Exercise ->
Your reply should contain the whole listing below, repeated exactly, and no images.
───── Given records
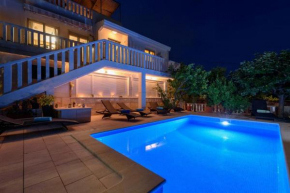 Holiday Home Bonanzza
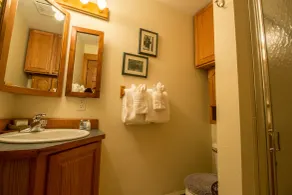 Marys Lake Lodge Mountain Resort and Condos - Salle de bain
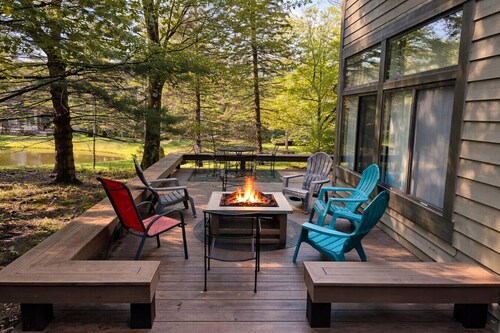 🌊Deckside Tranquility | Pond View, Walk to Pool, Fire Pit, Pet Friendly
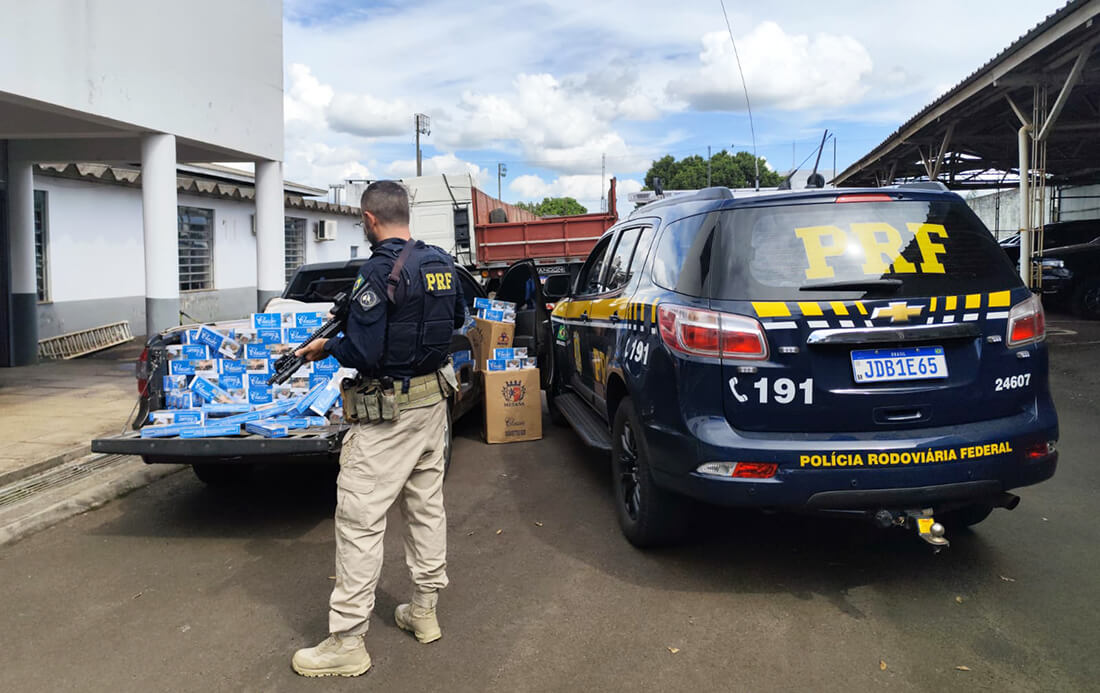 Capa PRF prende homem com carga de cigarros na BR-468, em Coronel Bicaco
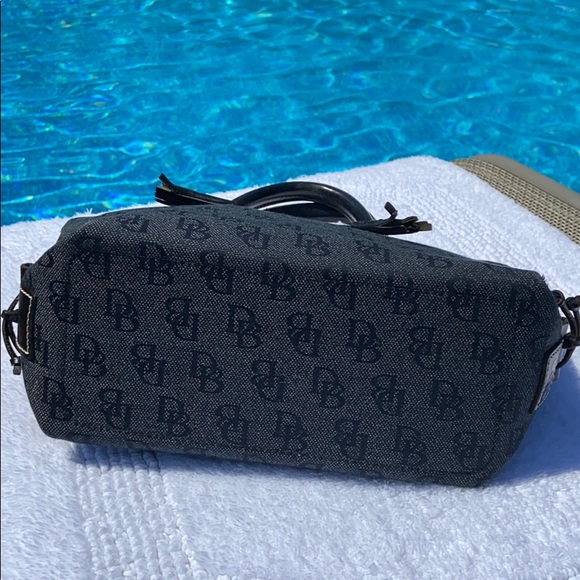 Dooney & Bourke tulip tassel tote black signature - Picture 3 of 10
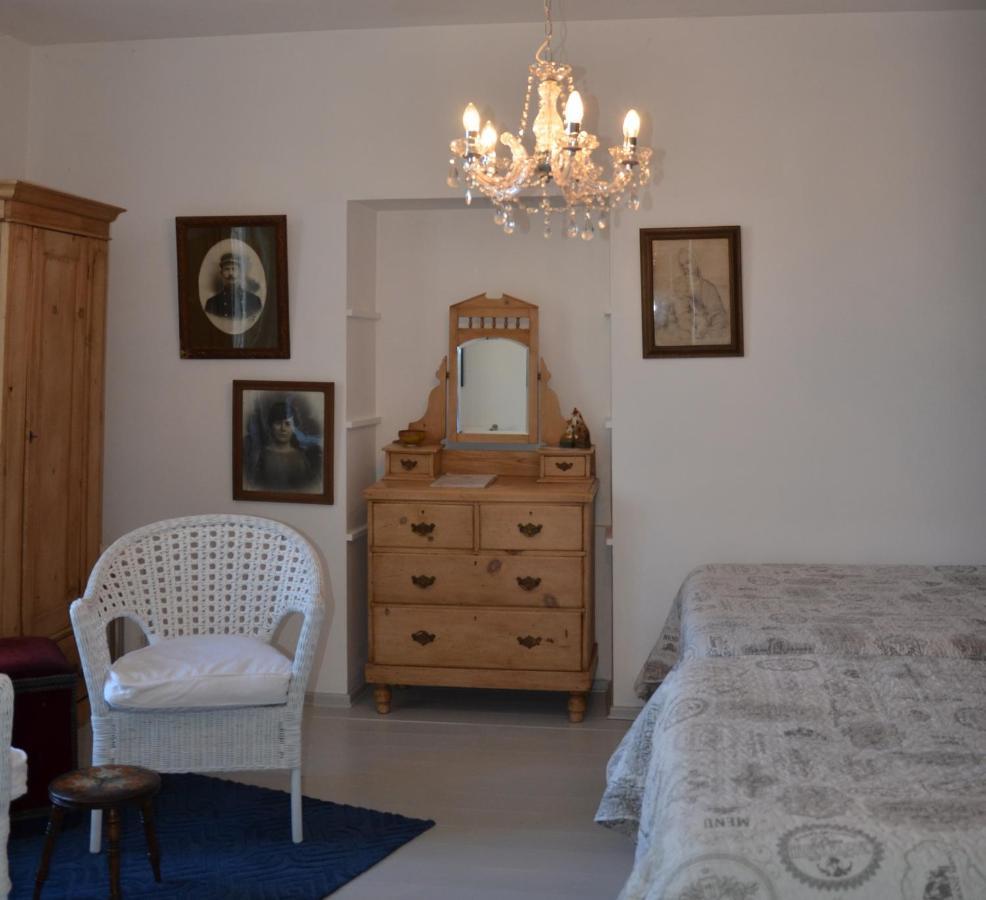 Chez Madeleine Bed & Breakfast Saint-Colomb-de-Lauzun ภายนอก รูปภาพ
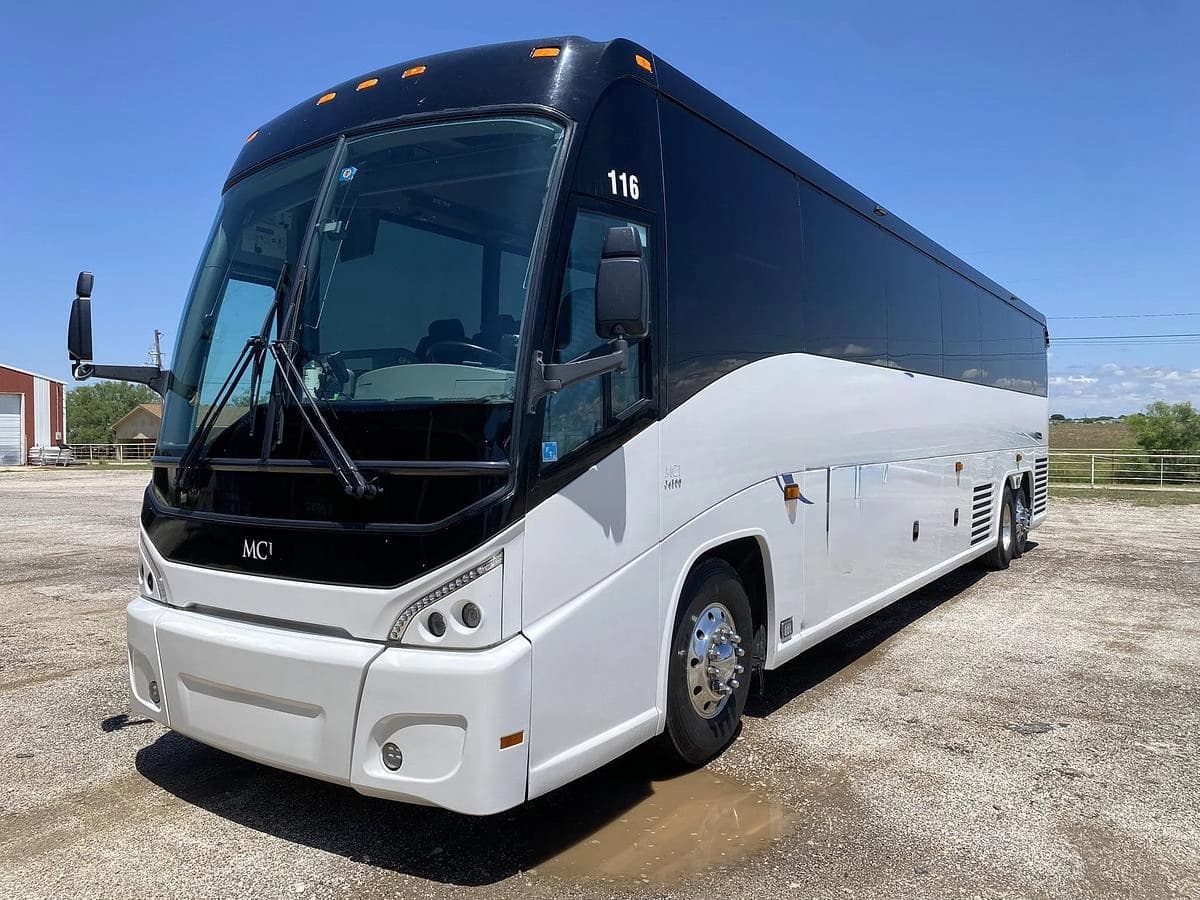 2017 Mci J4500 Coach - Image 4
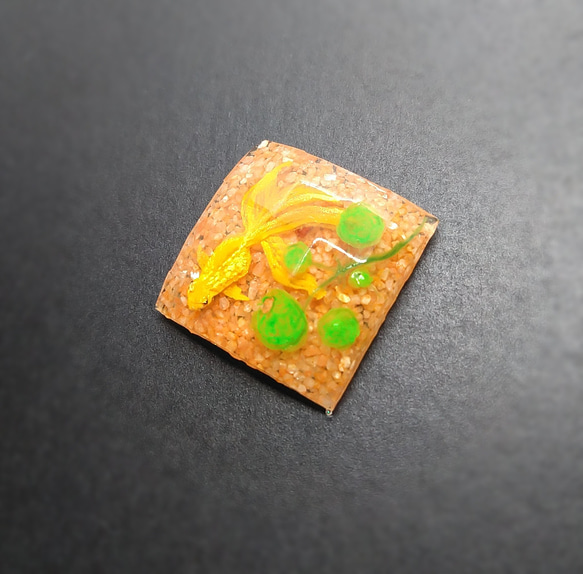 “金”魚　ミニカボション　もしくは無料でヘアピン☆ 6枚目の画像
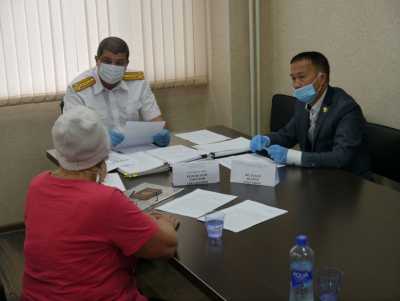 Следователи и уполномоченный по правам человека в Хакасии провели прием граждан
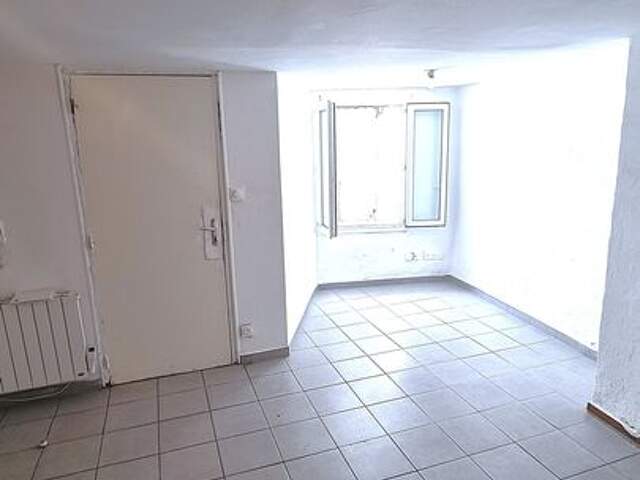 STUDIO 25m² — photo du bien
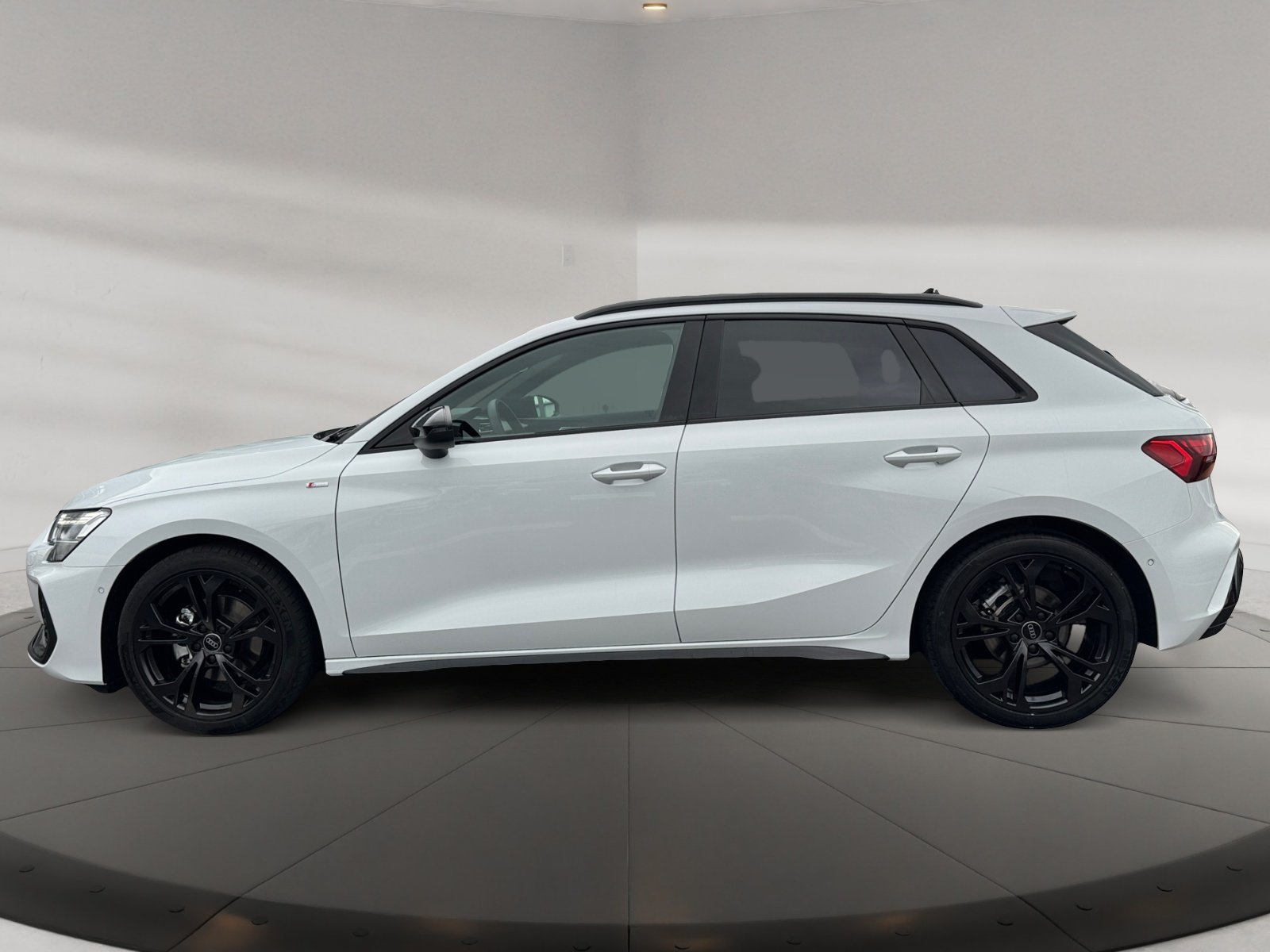 A3 Sportback S line 30 TFSI S tronic S Line,HUD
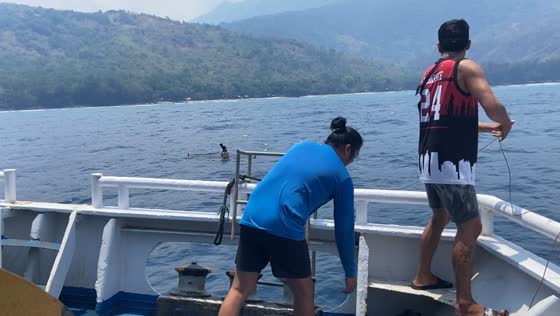 Rescue efforts amid sinking boat in Subic, Zambales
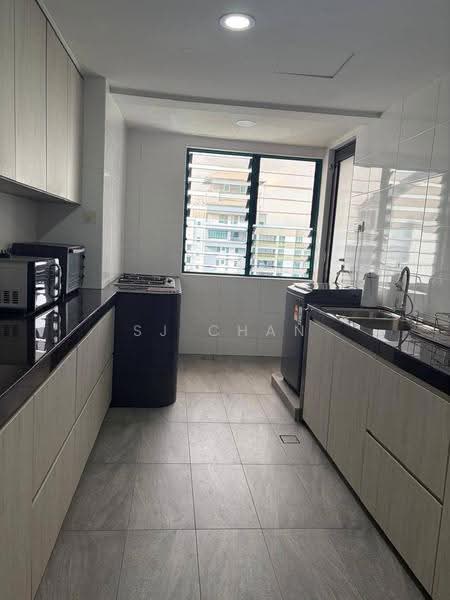 Condominium for Rent at The Straits View Condominium - SJ CHAN - Kitchen - PropertyGuru.com.my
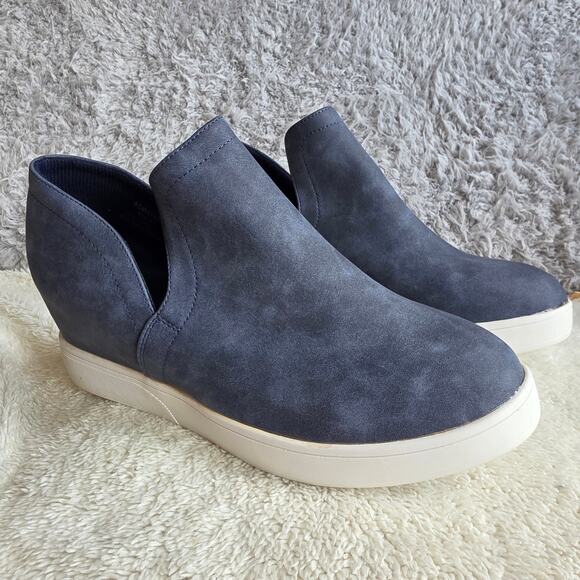 New Journee Collection Womens Cardi Slip On Wedge Booties Sneakers‎ Blue Sz 11 - Picture 1 of 5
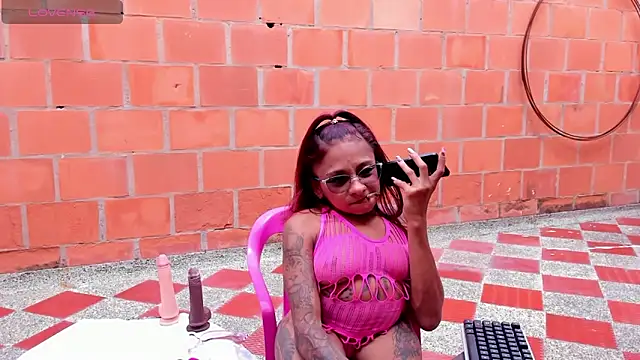 Snapshot of Lauren_Hills069 chatting on 16, 5, 2026 Lauren Hills069 online show from 16, 5, 2026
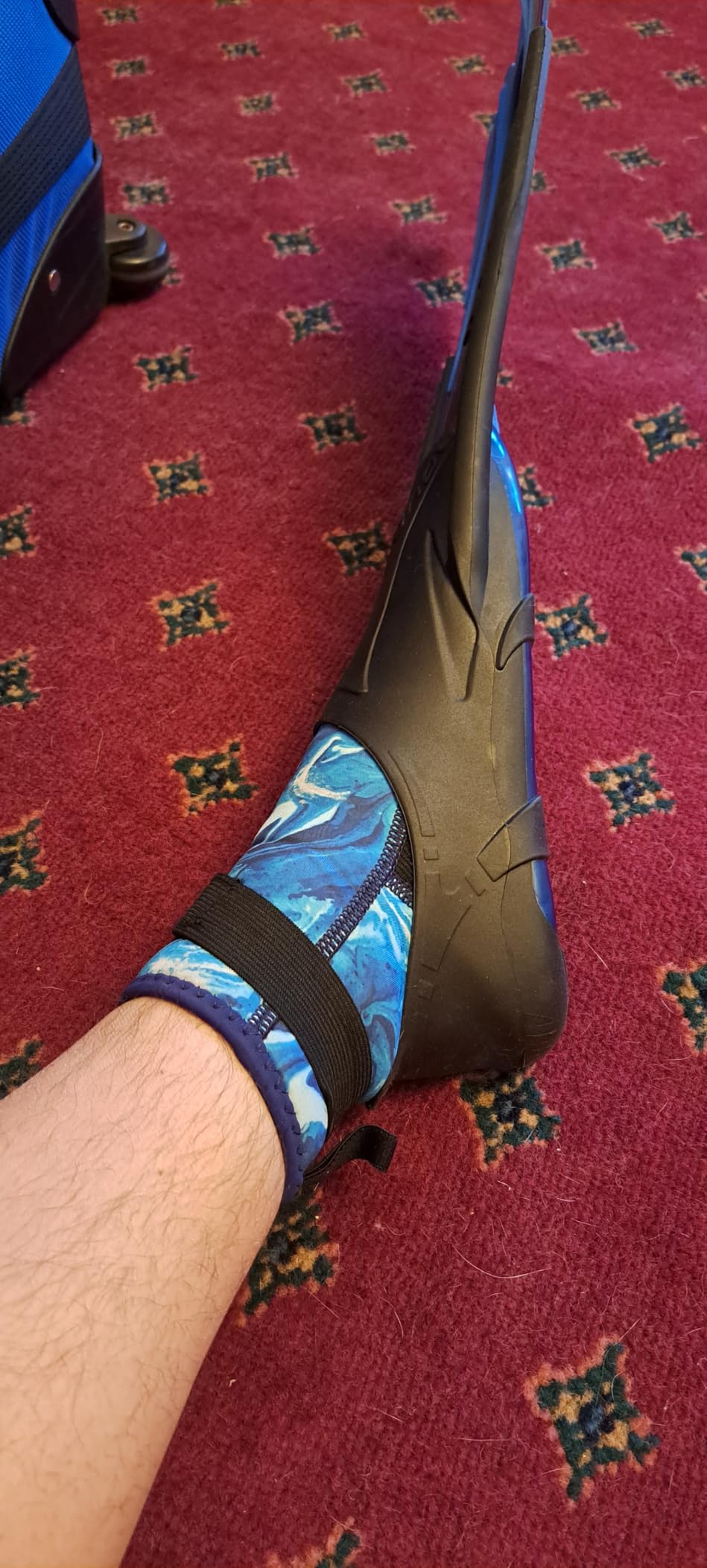 Cressi Adult Snorkeling Fins with Self-Adjustable Comfortable Full Foot Pocket - Perfect for Traveling - Agua: Made in Italy customer photo 2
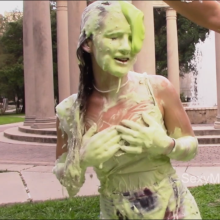 Alana SexyMessyBabes: New Babe Ruth Pied in the Park!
──────────
Answer area ->
 Holiday Home Bonanzza
 Marys Lake Lodge Mountain Resort and Condos - Salle de bain
 🌊Deckside Tranquility | Pond View, Walk to Pool, Fire Pit, Pet Friendly
 Capa PRF prende homem com carga de cigarros na BR-468, em Coronel Bicaco
 Dooney & Bourke tulip tassel tote black signature - Picture 3 of 10
 Chez Madeleine Bed & Breakfast Saint-Colomb-de-Lauzun ภายนอก รูปภาพ
 2017 Mci J4500 Coach - Image 4
 “金”魚　ミニカボション　もしくは無料でヘアピン☆ 6枚目の画像
 Следователи и уполномоченный по правам человека в Хакасии провели прием граждан
 STUDIO 25m² — photo du bien
 A3 Sportback S line 30 TFSI S tronic S Line,HUD
 Rescue efforts amid sinking boat in Subic, Zambales
 Condominium for Rent at The Straits View Condominium - SJ CHAN - Kitchen - PropertyGuru.com.my
 New Journee Collection Womens Cardi Slip On Wedge Booties Sneakers‎ Blue Sz 11 - Picture 1 of 5
 Snapshot of Lauren_Hills069 chatting on 16, 5, 2026 Lauren Hills069 online show from 16, 5, 2026
 Cressi Adult Snorkeling Fins with Self-Adjustable Comfortable Full Foot Pocket - Perfect for Traveling - Agua: Made in Italy customer photo 2
 Alana SexyMessyBabes: New Babe Ruth Pied in the Park!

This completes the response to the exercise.